All of us who respect and admire the natural beauty of the Gulf of Mexico want to see this important piece of the world’s oceans restored to its pre-oil spill magnificence.
Thankfully, a bill passed by the U.S. Congress this summer will go a long way toward bringing that objective to reality.
The Transportation Bill (also designated as the “Moving Ahead for Progress in the 21st Century Act" or “MAP-21”) included an amendment called the Resources and Ecosystems Sustainability, Tourism Opportunities and Revived Economy of the Gulf Coast (RESTORE) Act. With overwhelming support from both parties, this historic act guarantees that 80 percent of the penalties recovered from the Deepwater Horizon oil spill will return to the five Gulf Coast states to fund environmental and economic restoration activities.
This bill was a game-changer for the Gulf of Mexico. We should all be proud of our Mississippi delegation in Washington, for it was Senators Thad Cochran and Roger Wicker and Representative Steven Palazzo, who co-sponsored RESTORE and fought tirelessly to see it passed.
Understanding the environmental effects of the oil spill and restoring the Gulf are an imperative. Our scientific understanding of the Gulf may be far behind our Atlantic, Pacific and even Great Lakes counterparts, but we do understand that a healthy Gulf ecosystem equals a healthy Gulf economy.
The Gulf of Mexico accounts for 78 percent of the shrimp harvest, 62 percent of the oysters, 44 percent of all recreational harvests in the US. The Gulf produces over 50 percent of the US domestic oil and gas, and 15 of the top 50 shipping ports are located in Gulf states. The bounties of the Gulf are extraordinary, but decades if not centuries, of pressure have left the Gulf of Mexico in a vulnerable place. Passage of the RESTORE Act will begin to make right the Gulf economy and the Gulf ecosystem.
RESTORE not only sends funds to the Gulf, but it trusts the Gulf states to make decisions on how best to utilize these resources. Here, too, we are proud of our state leadership and the vision of Gov. Bryant to invest RESTORE funds in a way that links economic development to environmental restoration. The recently announced National Oceans and Applications Research Center, or NOARC, will be a major engine of economic development supporting long-term monitoring of the Gulf.

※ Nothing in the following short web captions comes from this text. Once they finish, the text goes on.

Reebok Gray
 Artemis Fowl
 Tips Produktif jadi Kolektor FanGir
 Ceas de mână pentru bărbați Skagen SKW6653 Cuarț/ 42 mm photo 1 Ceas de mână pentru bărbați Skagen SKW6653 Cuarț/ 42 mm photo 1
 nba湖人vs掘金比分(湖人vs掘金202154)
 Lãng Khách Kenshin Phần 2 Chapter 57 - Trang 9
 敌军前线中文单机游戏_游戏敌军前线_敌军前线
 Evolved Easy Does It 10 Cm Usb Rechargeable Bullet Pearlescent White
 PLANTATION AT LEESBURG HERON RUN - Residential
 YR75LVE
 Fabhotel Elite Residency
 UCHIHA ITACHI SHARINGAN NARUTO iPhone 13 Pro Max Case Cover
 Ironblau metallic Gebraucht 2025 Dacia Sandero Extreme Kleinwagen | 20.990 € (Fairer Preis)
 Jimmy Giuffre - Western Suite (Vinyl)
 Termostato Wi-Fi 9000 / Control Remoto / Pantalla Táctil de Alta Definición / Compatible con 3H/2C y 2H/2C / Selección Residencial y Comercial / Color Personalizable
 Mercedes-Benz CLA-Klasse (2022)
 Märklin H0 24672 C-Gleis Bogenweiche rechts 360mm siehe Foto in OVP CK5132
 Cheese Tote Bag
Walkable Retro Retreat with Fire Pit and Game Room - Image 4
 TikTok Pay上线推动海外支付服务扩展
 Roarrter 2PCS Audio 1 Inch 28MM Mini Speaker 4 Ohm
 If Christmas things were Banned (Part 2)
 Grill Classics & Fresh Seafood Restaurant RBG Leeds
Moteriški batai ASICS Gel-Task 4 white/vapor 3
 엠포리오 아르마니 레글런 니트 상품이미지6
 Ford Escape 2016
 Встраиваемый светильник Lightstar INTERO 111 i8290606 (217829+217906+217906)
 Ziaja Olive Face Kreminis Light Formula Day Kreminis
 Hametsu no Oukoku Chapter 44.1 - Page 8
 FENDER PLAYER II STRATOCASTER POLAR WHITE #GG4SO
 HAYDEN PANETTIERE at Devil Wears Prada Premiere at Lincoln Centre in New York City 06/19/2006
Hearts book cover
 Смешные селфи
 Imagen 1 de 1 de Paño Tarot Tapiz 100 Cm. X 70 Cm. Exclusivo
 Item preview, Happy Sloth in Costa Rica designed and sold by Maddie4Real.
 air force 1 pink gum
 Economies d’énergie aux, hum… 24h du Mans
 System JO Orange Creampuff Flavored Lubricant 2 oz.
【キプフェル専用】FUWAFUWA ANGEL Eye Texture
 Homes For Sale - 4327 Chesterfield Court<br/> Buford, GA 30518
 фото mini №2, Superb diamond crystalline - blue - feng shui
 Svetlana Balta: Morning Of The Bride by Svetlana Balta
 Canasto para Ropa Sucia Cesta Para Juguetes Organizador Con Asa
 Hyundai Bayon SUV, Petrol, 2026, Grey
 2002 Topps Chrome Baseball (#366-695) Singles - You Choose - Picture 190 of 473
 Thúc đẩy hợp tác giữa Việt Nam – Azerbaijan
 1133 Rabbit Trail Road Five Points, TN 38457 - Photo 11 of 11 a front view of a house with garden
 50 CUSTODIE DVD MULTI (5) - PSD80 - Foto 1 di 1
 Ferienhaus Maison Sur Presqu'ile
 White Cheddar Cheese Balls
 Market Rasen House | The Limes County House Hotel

I am especially excited that RESTORE provides funding for a Mississippi Center of Excellence dedicated to scientific studies of the Gulf. Since the 1980s, the University of Southern Mississippi has served as Mississippi’s flagship marine sciences institution. With researched-based graduate programs in marine science and coastal sciences, and significant facilities along the Gulf Coast, Southern Miss is prepared to lead the Mississippi Center of Excellence.
Harnessing research expertise in fisheries, wetlands, and ocean science and monitoring and in partnership with the other state research universities, we can apply new technologies for the long-term study of the Gulf to assure restoration efforts are effective. Never again will we have an oil spill or hurricane and not know the impacts for lack of comprehensive understanding.
I hope everyone in Mississippi will applaud the vision of our elected officials as we move forward to create a strong, long-lasting ocean monitoring and technology corridor to provide a sound, science-based foundation for the long-term management of our valuable Gulf resources. Mississippi’s universities are poised to play a pivotal role in that effort.
Denis Wiesenburg is Provost and a Professor of Marine Science at the University of Southern Mississippi. He has been involved with five different oil spills during his career.